Coach 'em up, Venables.
October 25, 2008: OU 58, Kansas State 35
The #4 Sooners look like they’re playing Madden 2008 on Playstation as they put up 55 points by halftime on Kstate, prompting cries of RUTSing by those who didn’t actually watch the game. This running theme will continue.
November 1, 2008: #7 Texas Tech 39, #1 Texas 33.
Tech’s Michael Crabtree shakes free of two Longhorn tacklers and scores with :01 second left to upset Texas and turn the college football nation upside down. Leach says his team plays 60 minutes, including the last minute of the game. By Monday, Texas fans will forget this game ever happened. With this game, Tech is now – gasp – atop the Big 12 South and just has to win at Oklahoma to go to the Big 12 championship.
Meanwhile on that same night back in Norman, #4 OU is teabagging Nebraska 28-0 with 9:30 to play in the first quarter on the way to a 62-28 rout. (insert RUTS meme)
Bo Pelini got over it.
November 8, 2008: #6 Oklahoma 66, Texas A&M 28.
After dropping 60 on Nebraska, the BCS has no love for the Sooners and drops them two spots. OU takes out its frustration by hanging 60 again, this time at College Station. It was 21-0 at the end of the first quarter. OU had 66 points with 3:54 still to play in the third quarter, the final points coming on Dom Franks’ 39-yard fumble return. RUTS cries continue from those who don’t have televisions or eyes.
November 22, 2008: #5 Oklahoma 65, #2 Texas Tech 21.
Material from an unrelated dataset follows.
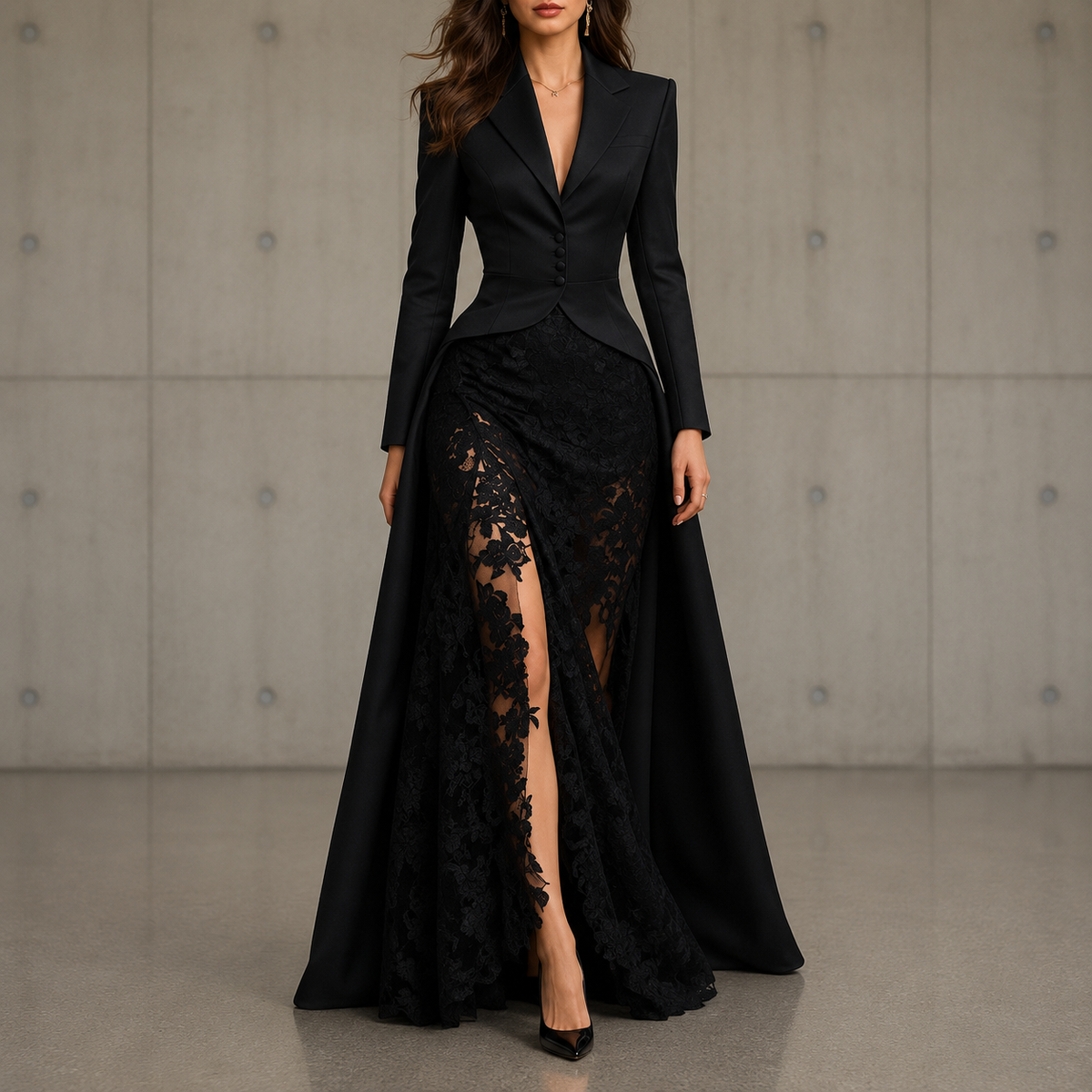 Rosen tailored jacket and lace skirt set in Black, front view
It was 42-7 by halftime and the entire stadium was jumping around. Bradford threw deep for a 66-yard pass to Ryan Broyles late in the third quarter. OK, maybe Stoops ran this one up, but he and the entire team was pissed. With the win over previously undefeated Tech, there is now a three-way logjam atop the Big 12 South standings between OU, Tech and Texas. Longhorns immediately begin discounting Tech since the Sand Aggies just got beat by 44 points, essentially trying to punish OU for doing what Texas should have done itself three weeks earlier. The politicking begins.
November 29, 2008: #3 Oklahoma 61, #12 Oklahoma State 41.
OU wins a wild, back-and-forth shootout in Stillwater by scoring 17 points in the last 8 minutes of the game. Despite this being a tight, three-point game with 10 minutes to play, people like Geoff Ketchum convince themselves that OU is once again* RUTSing. I call Ketchum’s show and rhetorically call him a “freaking idiot” on the air. UT fans and interwebs posters are convinced that there’s not even a prayer that OU will jump Texas in the BCS poll (UT is ranked #2, OU #3). As shown in the above-cited tiebreaker procedures released from the Big 12 offices four months prior, the team that is rated higher in the next BCS poll will go to the Big 12 championship the following week and will play North Division champion for the Big 12 title.
December 1, 2008: OU jumps Texas in BCS poll.
Neither airplane banners nor Mack’s politickin’ nor the plaintive wailing of “45-35” could make BCS voters forget that Texas lost to Texas Tech. OU’s blowouts down the stretch impressed the voters as much as UT’s whining turned them off, and they install OU as the #2 team in the nation, behind Florida and just ahead of Texas. Since there is a three-way tie in the Big 12 South (not a two-way tie, but a three way … you don’t get to discount losses whenever it’s convenient, Texas), according to rule b(5) posted above, OU will play Missouri for the Big 12 championship next week in Kansas City:
-
The highest ranked team in the first Bowl Championship Series Poll following the completion of Big 12 regular season conference play shall be the representative
In a presser following the announcement, Stoops makes sure to point out that there were three teams, not two, involved in the process. Oh, and maybe (just maybe) OU deserved to go just as much as the other two.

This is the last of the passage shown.